Working data:
☆ ☆ ☆
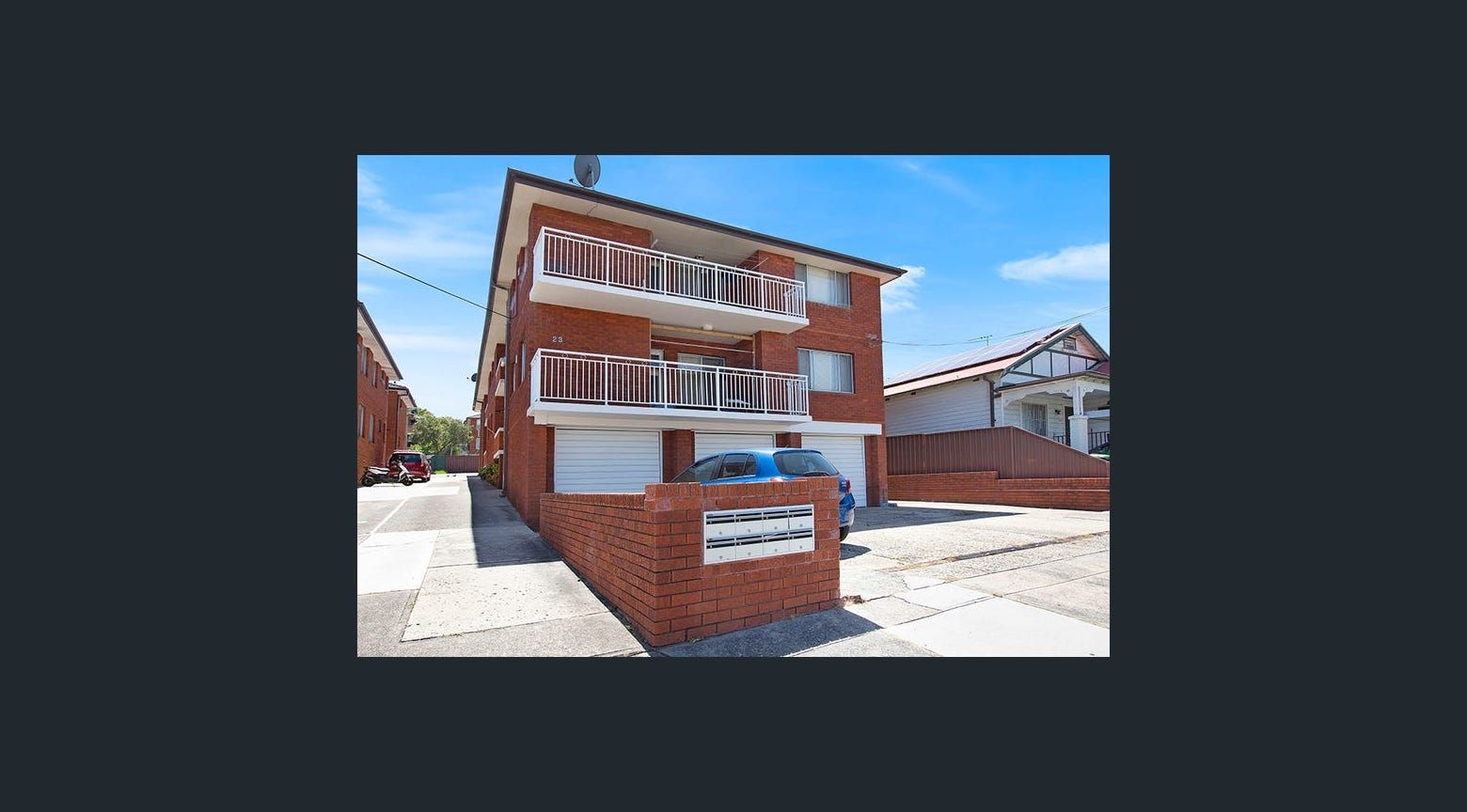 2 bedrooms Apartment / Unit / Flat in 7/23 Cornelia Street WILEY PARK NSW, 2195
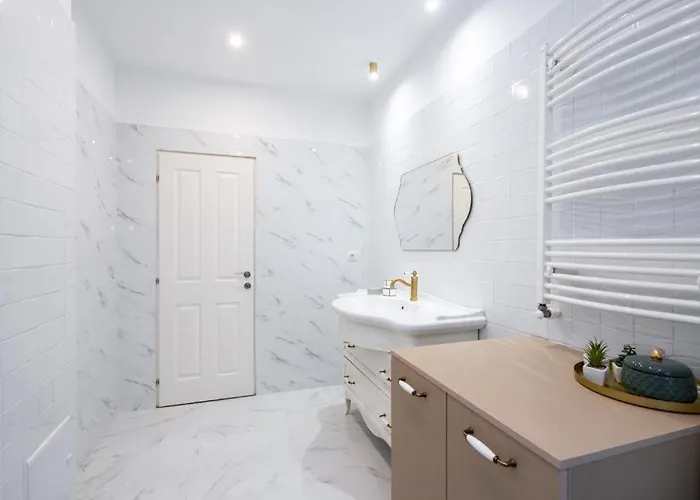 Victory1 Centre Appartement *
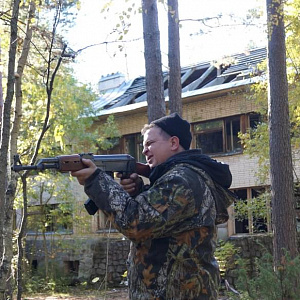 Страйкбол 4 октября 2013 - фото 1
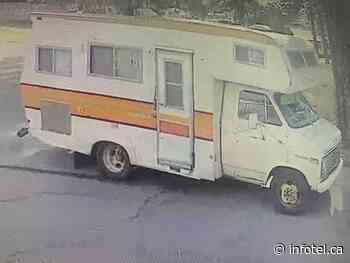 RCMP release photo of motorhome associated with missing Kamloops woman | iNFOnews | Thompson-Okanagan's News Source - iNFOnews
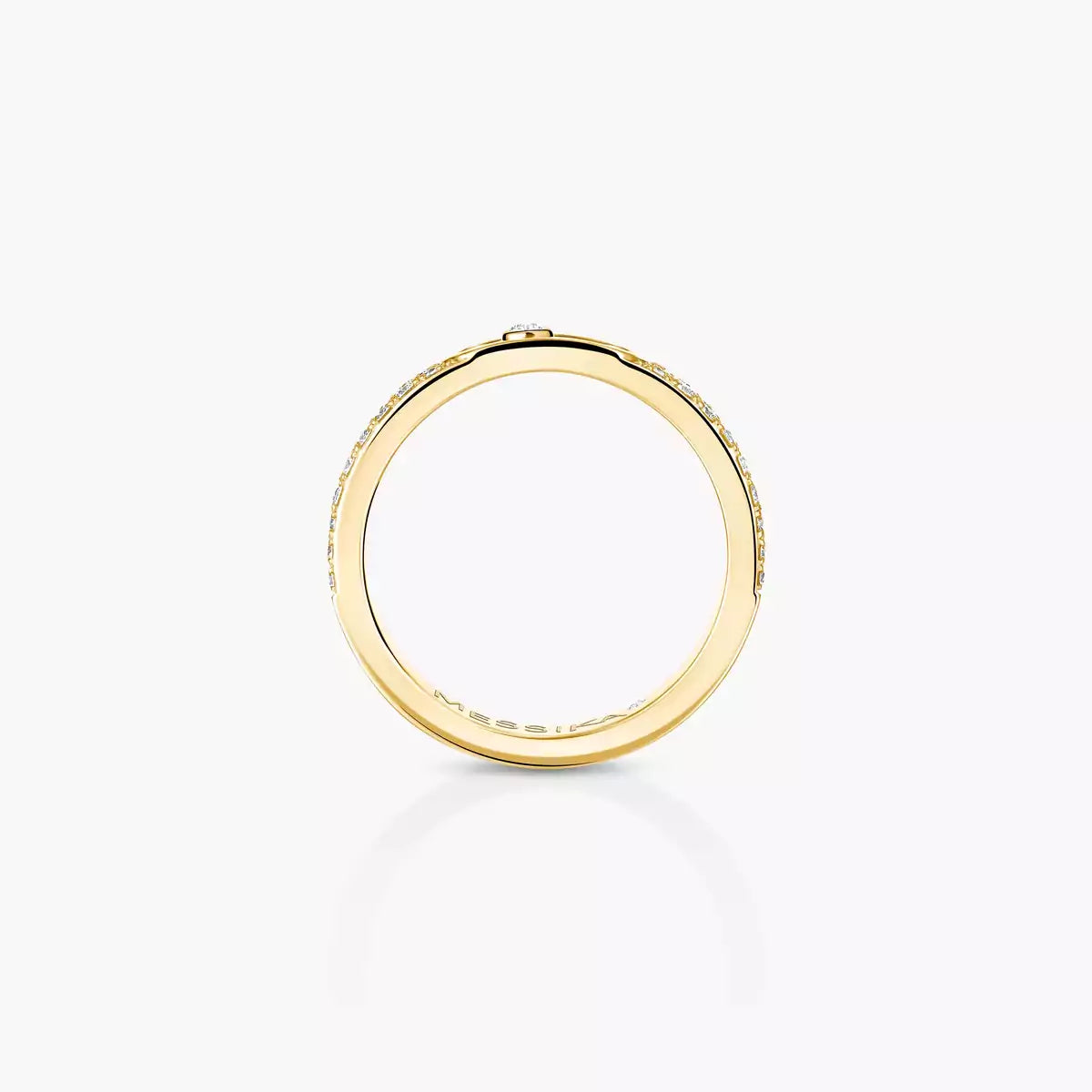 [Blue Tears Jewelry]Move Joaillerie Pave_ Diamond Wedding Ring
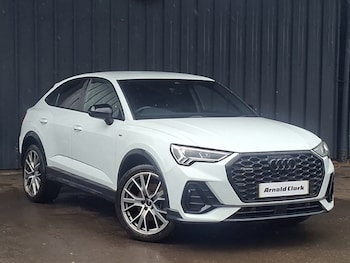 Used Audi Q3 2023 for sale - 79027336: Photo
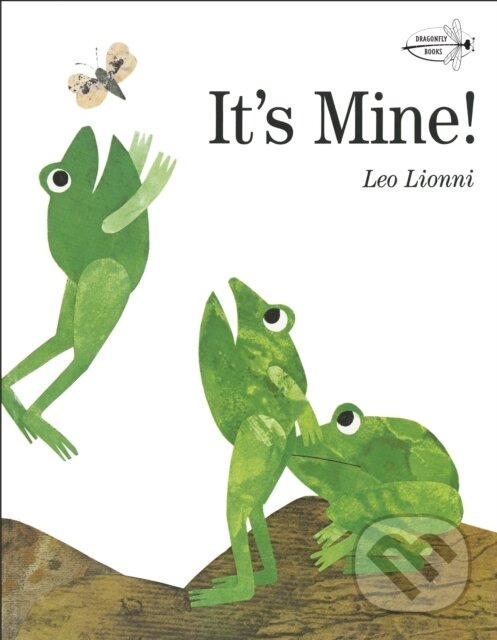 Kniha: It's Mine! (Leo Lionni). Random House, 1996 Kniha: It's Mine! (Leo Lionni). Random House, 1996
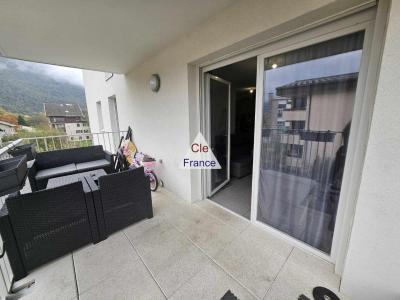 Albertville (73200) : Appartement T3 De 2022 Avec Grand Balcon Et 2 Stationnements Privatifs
☆ ☆ ☆
Exercise:
A word-for-word copy of the entries above is what is needed, without any images.

Your response:
 2 bedrooms Apartment / Unit / Flat in 7/23 Cornelia Street WILEY PARK NSW, 2195
 Victory1 Centre Appartement *
 Страйкбол 4 октября 2013 - фото 1
 RCMP release photo of motorhome associated with missing Kamloops woman | iNFOnews | Thompson-Okanagan's News Source - iNFOnews
 [Blue Tears Jewelry]Move Joaillerie Pave_ Diamond Wedding Ring
 Used Audi Q3 2023 for sale - 79027336: Photo
 Kniha: It's Mine! (Leo Lionni). Random House, 1996 Kniha: It's Mine! (Leo Lionni). Random House, 1996
 Albertville (73200) : Appartement T3 De 2022 Avec Grand Balcon Et 2 Stationnements Privatifs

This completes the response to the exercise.